## About this task
In exact form, please repeat the records from their opening line down to the line with "Eucerin Q10 ACTIVE", including that line.

Dataset records:
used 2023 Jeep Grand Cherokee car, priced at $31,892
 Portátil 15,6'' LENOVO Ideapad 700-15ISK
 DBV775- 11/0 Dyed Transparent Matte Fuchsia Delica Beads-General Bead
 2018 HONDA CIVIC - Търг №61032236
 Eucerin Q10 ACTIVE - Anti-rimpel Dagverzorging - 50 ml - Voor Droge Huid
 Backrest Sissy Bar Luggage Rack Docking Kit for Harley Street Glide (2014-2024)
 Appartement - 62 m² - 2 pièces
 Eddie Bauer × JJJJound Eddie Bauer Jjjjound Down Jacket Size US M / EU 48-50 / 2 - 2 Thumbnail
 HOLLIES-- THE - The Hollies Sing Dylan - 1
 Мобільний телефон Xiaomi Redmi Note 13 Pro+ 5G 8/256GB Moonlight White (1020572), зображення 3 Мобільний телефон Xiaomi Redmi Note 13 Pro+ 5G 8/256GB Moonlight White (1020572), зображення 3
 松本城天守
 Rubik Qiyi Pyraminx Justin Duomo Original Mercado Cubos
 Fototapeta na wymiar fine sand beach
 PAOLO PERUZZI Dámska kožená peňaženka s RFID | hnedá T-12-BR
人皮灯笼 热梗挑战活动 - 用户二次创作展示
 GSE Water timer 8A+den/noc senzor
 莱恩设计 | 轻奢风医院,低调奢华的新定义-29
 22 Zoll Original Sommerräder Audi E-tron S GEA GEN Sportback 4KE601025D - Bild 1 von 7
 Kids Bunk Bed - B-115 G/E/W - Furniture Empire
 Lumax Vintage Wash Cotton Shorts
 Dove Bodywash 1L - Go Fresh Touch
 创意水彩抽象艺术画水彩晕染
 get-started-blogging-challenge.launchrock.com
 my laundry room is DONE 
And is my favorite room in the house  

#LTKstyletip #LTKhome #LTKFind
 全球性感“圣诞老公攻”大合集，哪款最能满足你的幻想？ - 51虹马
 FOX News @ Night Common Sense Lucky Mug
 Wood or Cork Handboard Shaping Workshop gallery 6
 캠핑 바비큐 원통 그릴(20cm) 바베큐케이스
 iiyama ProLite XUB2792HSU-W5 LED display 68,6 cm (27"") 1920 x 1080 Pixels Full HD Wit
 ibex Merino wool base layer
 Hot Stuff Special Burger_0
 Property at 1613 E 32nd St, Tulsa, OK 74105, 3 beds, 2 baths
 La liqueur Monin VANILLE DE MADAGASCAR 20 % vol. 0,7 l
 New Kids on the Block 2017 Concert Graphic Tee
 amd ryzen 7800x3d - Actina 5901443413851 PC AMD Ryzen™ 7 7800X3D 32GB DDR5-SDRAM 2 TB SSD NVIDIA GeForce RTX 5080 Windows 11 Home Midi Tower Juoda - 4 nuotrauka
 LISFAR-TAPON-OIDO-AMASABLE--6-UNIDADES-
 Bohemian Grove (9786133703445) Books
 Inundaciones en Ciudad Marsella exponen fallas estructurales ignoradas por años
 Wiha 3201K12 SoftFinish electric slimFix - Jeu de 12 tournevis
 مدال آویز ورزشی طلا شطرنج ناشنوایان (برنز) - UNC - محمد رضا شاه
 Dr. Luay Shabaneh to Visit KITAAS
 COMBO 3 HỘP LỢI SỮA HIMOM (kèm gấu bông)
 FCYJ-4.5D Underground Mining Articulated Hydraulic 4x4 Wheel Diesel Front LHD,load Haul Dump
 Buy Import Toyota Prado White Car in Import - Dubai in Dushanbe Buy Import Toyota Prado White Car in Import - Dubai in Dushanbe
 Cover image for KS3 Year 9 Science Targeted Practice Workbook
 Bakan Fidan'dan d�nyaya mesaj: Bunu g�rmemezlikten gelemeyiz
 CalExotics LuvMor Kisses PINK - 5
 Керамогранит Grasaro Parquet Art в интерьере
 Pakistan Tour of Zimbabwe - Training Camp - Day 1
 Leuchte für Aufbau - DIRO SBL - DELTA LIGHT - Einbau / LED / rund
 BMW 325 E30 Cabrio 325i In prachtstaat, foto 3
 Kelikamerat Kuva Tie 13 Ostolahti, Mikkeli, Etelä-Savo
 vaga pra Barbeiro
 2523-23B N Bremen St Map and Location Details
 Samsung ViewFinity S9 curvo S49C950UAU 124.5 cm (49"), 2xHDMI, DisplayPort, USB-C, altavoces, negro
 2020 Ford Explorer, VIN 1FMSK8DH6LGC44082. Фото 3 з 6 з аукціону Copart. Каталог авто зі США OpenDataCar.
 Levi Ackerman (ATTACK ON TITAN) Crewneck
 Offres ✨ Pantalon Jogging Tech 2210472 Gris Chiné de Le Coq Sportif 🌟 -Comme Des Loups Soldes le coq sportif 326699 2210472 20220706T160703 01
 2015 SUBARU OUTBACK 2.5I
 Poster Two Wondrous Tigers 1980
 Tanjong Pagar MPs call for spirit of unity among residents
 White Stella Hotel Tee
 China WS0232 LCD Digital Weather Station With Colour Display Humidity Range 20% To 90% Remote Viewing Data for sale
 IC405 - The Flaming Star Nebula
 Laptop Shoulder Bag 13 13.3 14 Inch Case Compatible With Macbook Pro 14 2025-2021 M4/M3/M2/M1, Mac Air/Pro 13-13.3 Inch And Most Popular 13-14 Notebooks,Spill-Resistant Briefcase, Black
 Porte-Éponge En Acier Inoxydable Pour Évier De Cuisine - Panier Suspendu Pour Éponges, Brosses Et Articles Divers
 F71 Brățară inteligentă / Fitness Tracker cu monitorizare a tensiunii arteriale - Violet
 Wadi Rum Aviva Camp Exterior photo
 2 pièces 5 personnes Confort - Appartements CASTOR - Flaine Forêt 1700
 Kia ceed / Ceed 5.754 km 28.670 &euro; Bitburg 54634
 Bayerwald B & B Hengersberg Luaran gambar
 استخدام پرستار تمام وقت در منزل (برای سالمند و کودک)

## Written response
used 2023 Jeep Grand Cherokee car, priced at $31,892
 Portátil 15,6'' LENOVO Ideapad 700-15ISK
 DBV775- 11/0 Dyed Transparent Matte Fuchsia Delica Beads-General Bead
 2018 HONDA CIVIC - Търг №61032236
 Eucerin Q10 ACTIVE - Anti-rimpel Dagverzorging - 50 ml - Voor Droge Huid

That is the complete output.